▸ Exercise: Your answer should hold only the lines from the one containing "Number 6: 'The" through the last line below, copied exactly; pictures stay out.
================================
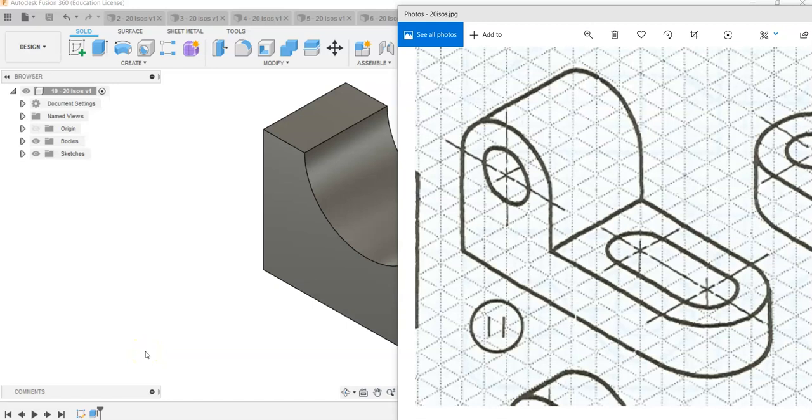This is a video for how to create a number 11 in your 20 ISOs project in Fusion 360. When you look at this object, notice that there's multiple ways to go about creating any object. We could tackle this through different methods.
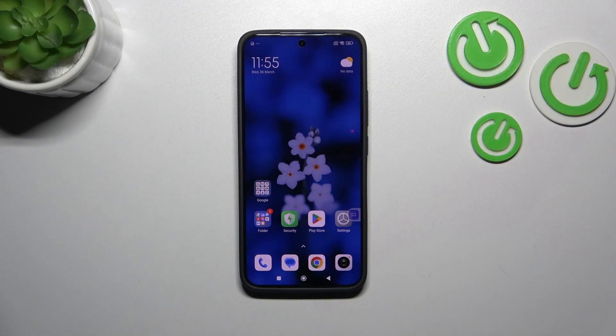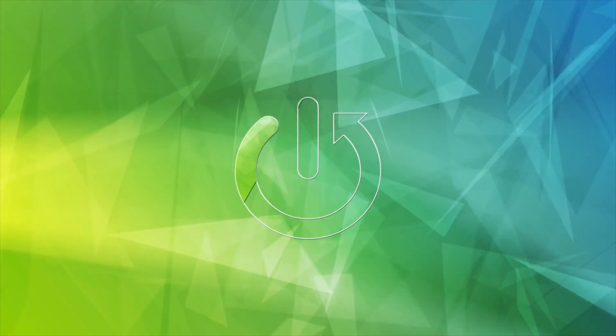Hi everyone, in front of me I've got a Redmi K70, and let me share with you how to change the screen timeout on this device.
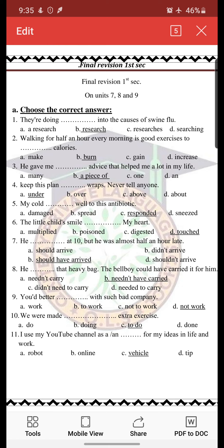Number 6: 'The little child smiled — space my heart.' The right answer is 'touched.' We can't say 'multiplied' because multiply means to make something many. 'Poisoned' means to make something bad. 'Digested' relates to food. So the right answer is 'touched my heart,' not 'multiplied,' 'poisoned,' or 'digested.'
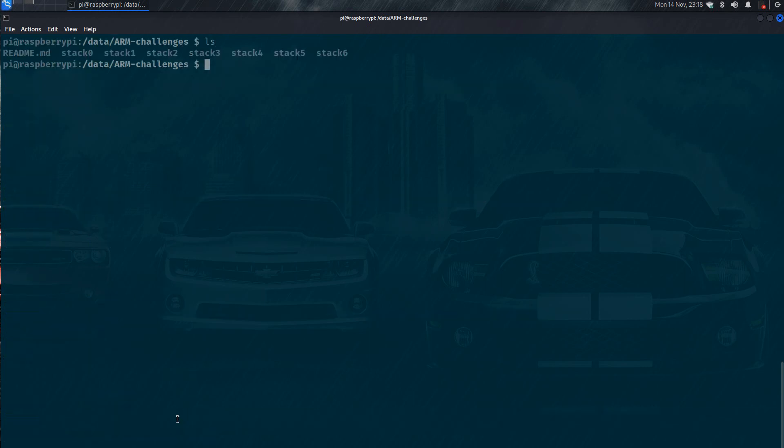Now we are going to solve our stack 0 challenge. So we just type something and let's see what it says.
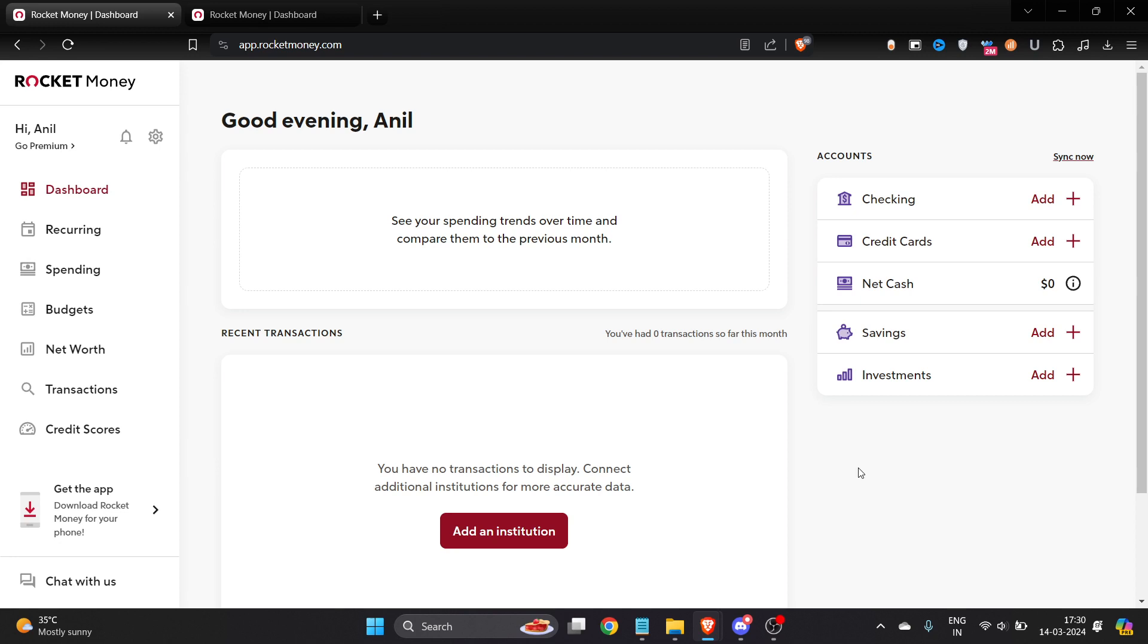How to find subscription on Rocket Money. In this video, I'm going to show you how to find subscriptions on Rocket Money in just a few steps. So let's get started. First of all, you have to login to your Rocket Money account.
================================
▸ The answer:
Number 6: 'The little child smiled — space my heart.' The right answer is 'touched.' We can't say 'multiplied' because multiply means to make something many. 'Poisoned' means to make something bad. 'Digested' relates to food. So the right answer is 'touched my heart,' not 'multiplied,' 'poisoned,' or 'digested.'
Now we are going to solve our stack 0 challenge. So we just type something and let's see what it says.
How to find subscription on Rocket Money. In this video, I'm going to show you how to find subscriptions on Rocket Money in just a few steps. So let's get started. First of all, you have to login to your Rocket Money account.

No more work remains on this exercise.